RunPod is a cloud infrastructure provider specializing in Graphics Processing Unit (GPU) compute resources, primarily targeting artificial intelligence (AI) and machine learning (ML) workloads. Founded in 2021, the platform is designed for developers and technical buyers who require scalable and cost-effective access to GPUs for tasks such as training large language models (LLMs), running inference for AI applications, and deploying custom AI APIs.

The service offers two primary consumption models: on-demand GPU instances and a serverless GPU platform. On-demand instances provide dedicated virtual machines with configurable GPU types, allowing users to select specific NVIDIA GPUs like the A100 or H100, along with CPU, RAM, and storage allocations. This model is suited for long-running training jobs or persistent development environments. Users can launch instances with pre-configured templates, including popular ML frameworks, or deploy custom Docker images. Persistent storage options allow data to be maintained across instance sessions, a common requirement for iterative model development and dataset management.

The serverless GPU offering abstracts away infrastructure management, allowing users to run code on GPUs without provisioning or managing virtual machines. This model is designed for event-driven, burstable workloads such as inference requests or short-duration training tasks that benefit from per-second billing and automatic scaling.
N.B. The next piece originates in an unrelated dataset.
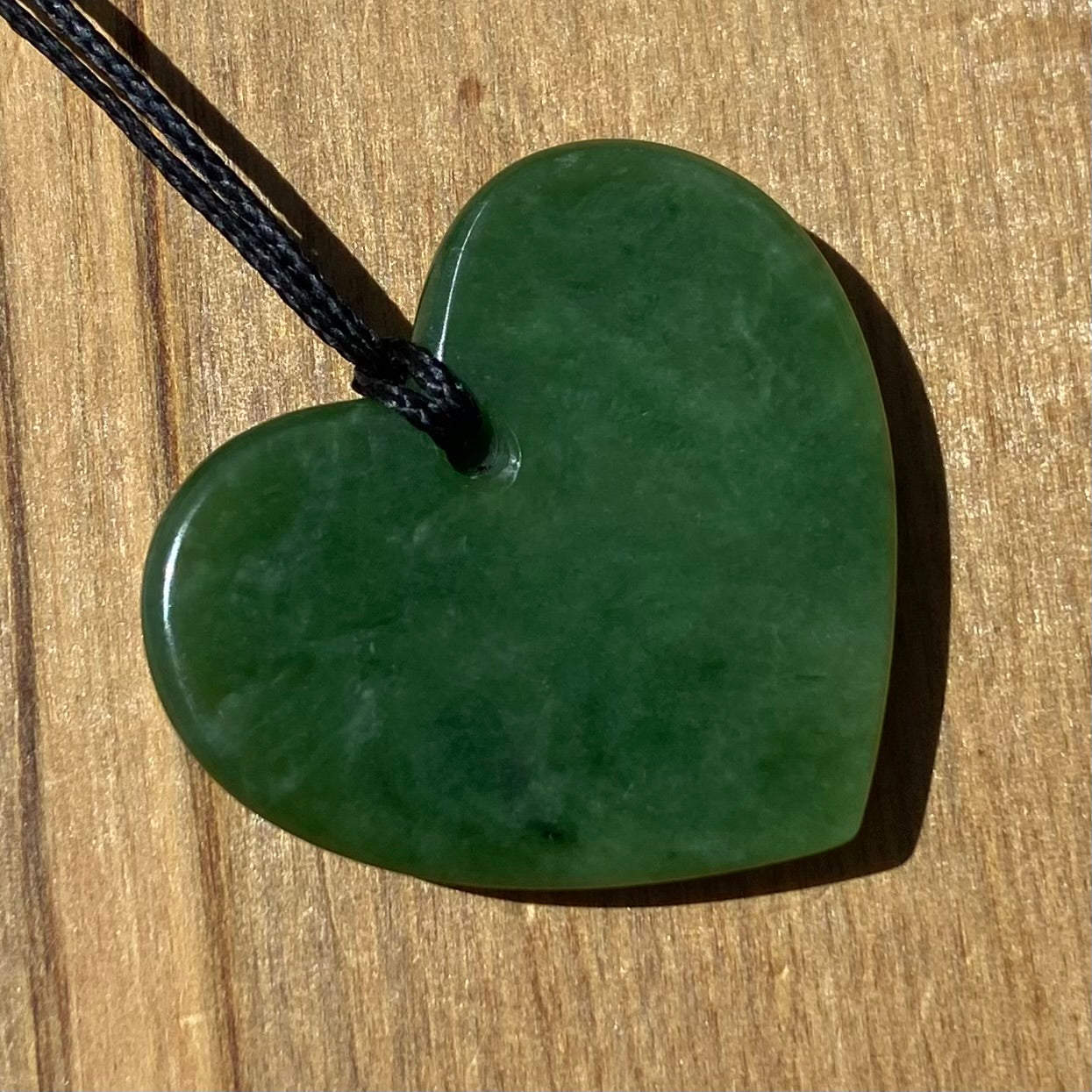 Heart shape pendant carved from New Zealand Marsden Flower Jade (greenstone). Back.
RunPod's serverless platform supports custom Docker images and provides API endpoints for triggering functions, making it suitable for integrating AI capabilities into web applications or microservices. The platform also includes an "AI Endpoints" feature, which allows users to deploy their models as managed API services, handling the underlying infrastructure, load balancing, and scaling.

RunPod positions itself as an alternative to hyperscale cloud providers for GPU compute, focusing on offering a range of NVIDIA GPUs at competitive price points. For instance, comparing the cost-effectiveness of various cloud GPU providers is a common focus for ML engineers, as detailed in analyses by publications like The New Stack, which often highlight the competitive pricing of specialized GPU clouds against general-purpose cloud offerings The New Stack on Cloud GPU Computing. The platform provides a comprehensive API and command-line interface (CLI) for programmatic control over resources, facilitating automation and integration into CI/CD pipelines. This includes functionalities for instance management, storage orchestration, and monitoring of GPU utilization.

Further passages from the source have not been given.